Saturday, August 11, 2012

I am not a fricken genius

In the grand tradition of my grandmother—who once dressed a fruit salad with meat marinade and served it to a crowd—I am trying to do more experimentation with food. Having been on the receiving end of my grandmother’s fruit salad, I know that it’s wise to tread carefully in this area. I have discovered that not every idea is a good idea. I have also discovered that not everything from your local farm stand is infused with whimsy and magic.

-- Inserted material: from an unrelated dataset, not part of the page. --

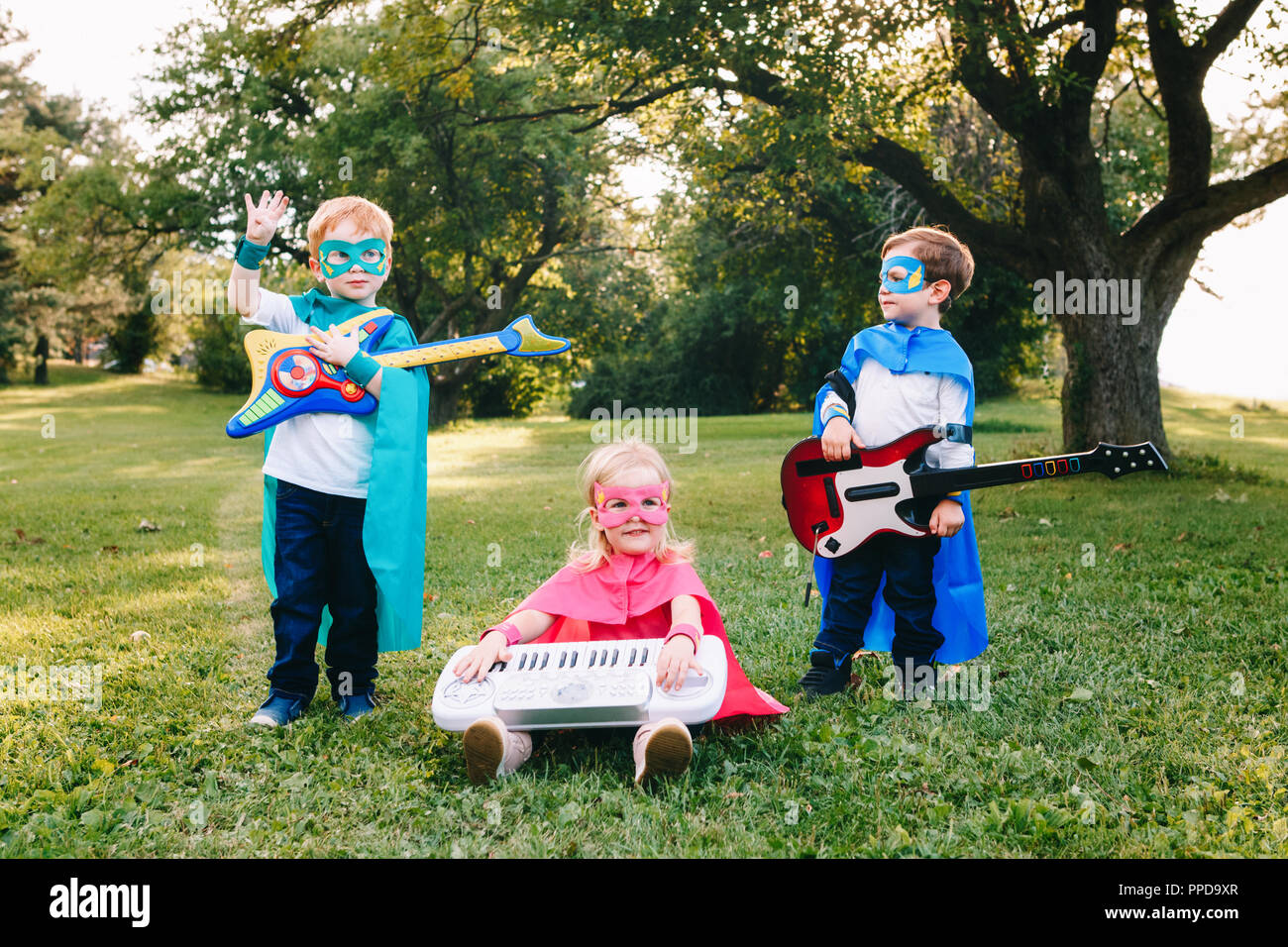 Cute adorable preschool Caucasian children playing superheroes music band rock group. Three kids friends having fun together outdoors in park. Happy a Stock Photo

I’m on a local food high as Brian and I prepare to make my mother a birthday feast. We have in our possession farm-fresh handmade sausage, crisp dandelion greens, a bagful of corn on the cob, a pint of just-picked blueberries, and a bottle of cream from cows that live only a few towns away. We’ll bake the sausages, sauté the greens with garlic, and for dessert, whip the cream into a lovely topping for blueberries.
I’m aware that such local food orgies appear often in the pages of the glossy magazines and dreamily photographed blogs that I so admire. In those scenarios, a sprite-like child helps to shuck corn while mom sets the reclaimed wood farmhouse table with charmingly mismatched vintage plates.
So I invite Chloe to climb onto a kitchen chair and help me whip the cream. I open the bottle to see that a thick plug of cream has risen to the top—not uncommon with fresh milk that hasn’t been homogenized.
“The crème de la crème!” I declare, leaning over to smell the sweet cream. Except.
“Does this smell alright to you?” I ask my mother, tilting the bottle toward her nose. She takes a whiff and makes a face.
“It’s a little sour,” she admits.
I smell it again. Yuck. I pour it into the bowl. Chunks.
I dash out into the rain to get some cream at the convenience store next door—perhaps the antithesis of the farm stand. I come home soaking wet with a carton of light cream because the convenience store doesn't have whipping cream. No convenience store does. Which is not very convenient.
But I try to whip it anyway, assaulting the cream with an electric beater for several minutes. No whipped cream. Just a bowl full of bubbles. It occurs to me that there’s not enough butter fat in light cream for it to whip properly. Then, I have an epiphany. I’ll just replace the missing butter fat with butter! I’m a fricken genius. I can’t believe I’ve revolutionized cooking in this way. So I cut a few tablespoons of butter into the food processor, pour in the cream and a little sugar, and let her rip.
Here’s what I have learned:
  • Trying to make whipped cream out of butter and light cream will simply create wet butter.
  • I am not a fricken genius. I have not revolutionized cooking. In fact, I may have set it back slightly.
  • Convenience stores sell cans of whipped cream for a reason.
  • Your mom will love her birthday dinner even if the dessert is still-liquid cream poured over blueberries.